Fig. 3 shows an example of a coordinate system in the face model parameter estimation device 10.
The coordinate system in the case of determining the position differs depending on how the article as the center is handled. A coordinate system centered on a camera that captures a face of a person, a coordinate system centered on a captured image, and a coordinate system centered on a face of a person are exemplified. In the following description, a coordinate system centered on a camera is referred to as a camera coordinate system, a coordinate system centered on a captured image is referred to as an image coordinate system, and a coordinate system centered on a face is referred to as a face model coordinate system. The example shown in fig. 3 shows an example of the relationship among the camera coordinate system, the face model coordinate system, and the image coordinate system used by the face model parameter estimation device 10 according to the present embodiment.

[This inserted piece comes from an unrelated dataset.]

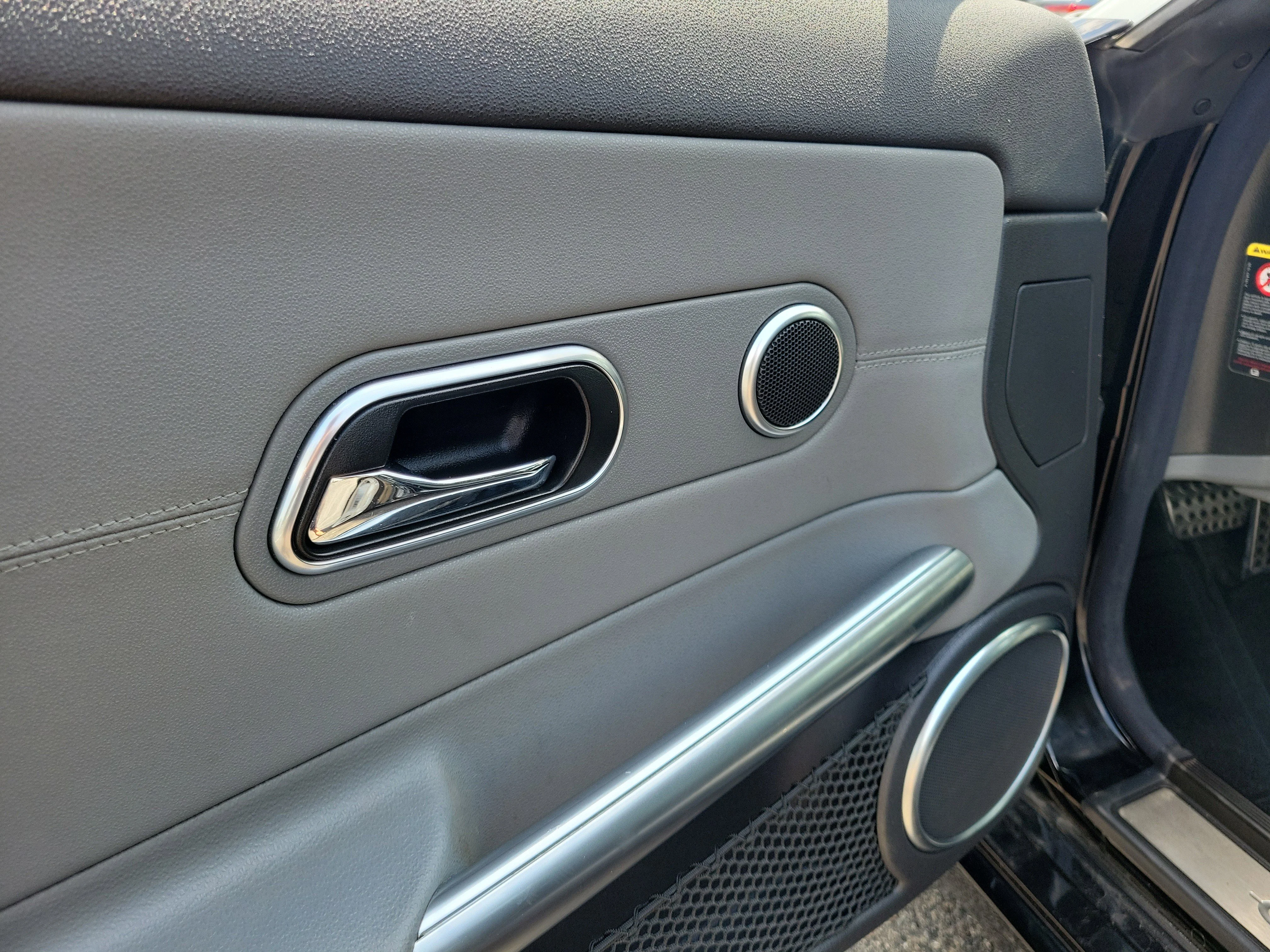 Used 2005 Black Clearcoat Chrysler Limited image 12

In the camera coordinate system, the right direction is the X direction, the lower direction is the Y direction, the front direction is the Z direction, and the origin is a point derived by calibration when viewed from the camera 16. The camera coordinate system is specified so as to coincide with the image coordinate system with the upper left of the image as the origin in the directions of the x-axis, y-axis, and z-axis.

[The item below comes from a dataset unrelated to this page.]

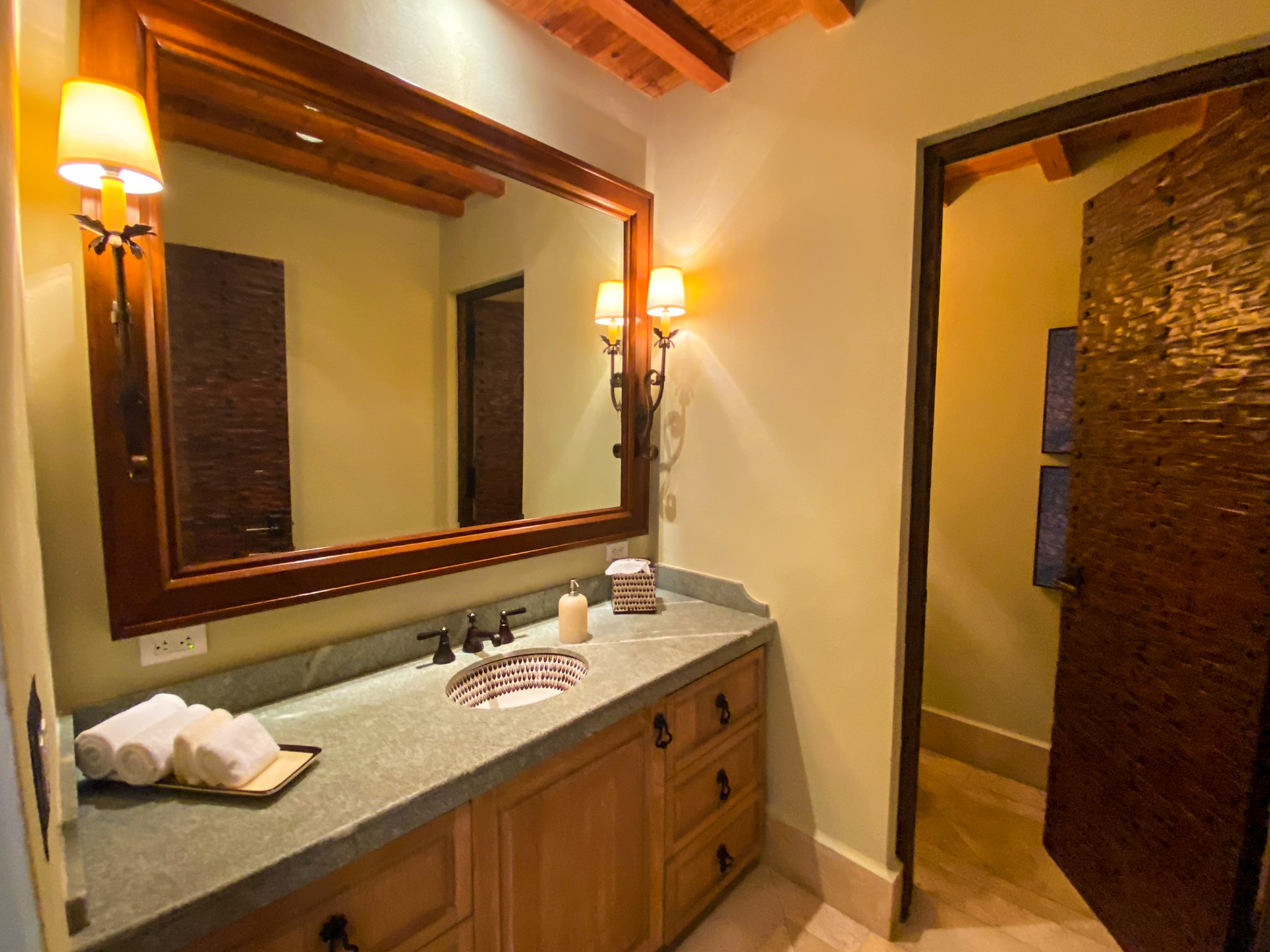 Waldorf Astoria Los Cabos Pedregal Two Bedroom Ocean View Villa with Plunge Pool half bathroom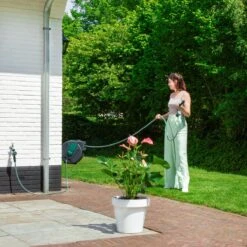 VONROC Automatische Slanghaspel – Incl. 25m Tuinslang, Aansluitslang, Spuitstuk, Koppelingen & Kraanaansluiting -Tuingereedschap Winkel 1200x1200 477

The face model coordinate system is a coordinate system for expressing the positions of the eyes, mouth, and other parts in the face. For example, the following methods are generally used for face image processing: data called a three-dimensional face shape model describing three-dimensional positions of characteristic parts of a face such as eyes and a mouth is projected on an image, and positions and postures of the face are estimated by aligning the positions of the eyes and the mouth. An example of the coordinate system set by the three-dimensional face shape model is a face model coordinate system, and when viewed from the face, the left direction is Xm direction, the lower direction is Ym direction, and the rear direction is Zm direction.
The correlation between the camera coordinate system and the image coordinate system is predetermined, and coordinate conversion can be performed between the camera coordinate system and the image coordinate system. Further, the correlation between the camera coordinate system and the face model coordinate system can be determined using the estimated values of the position and orientation of the face.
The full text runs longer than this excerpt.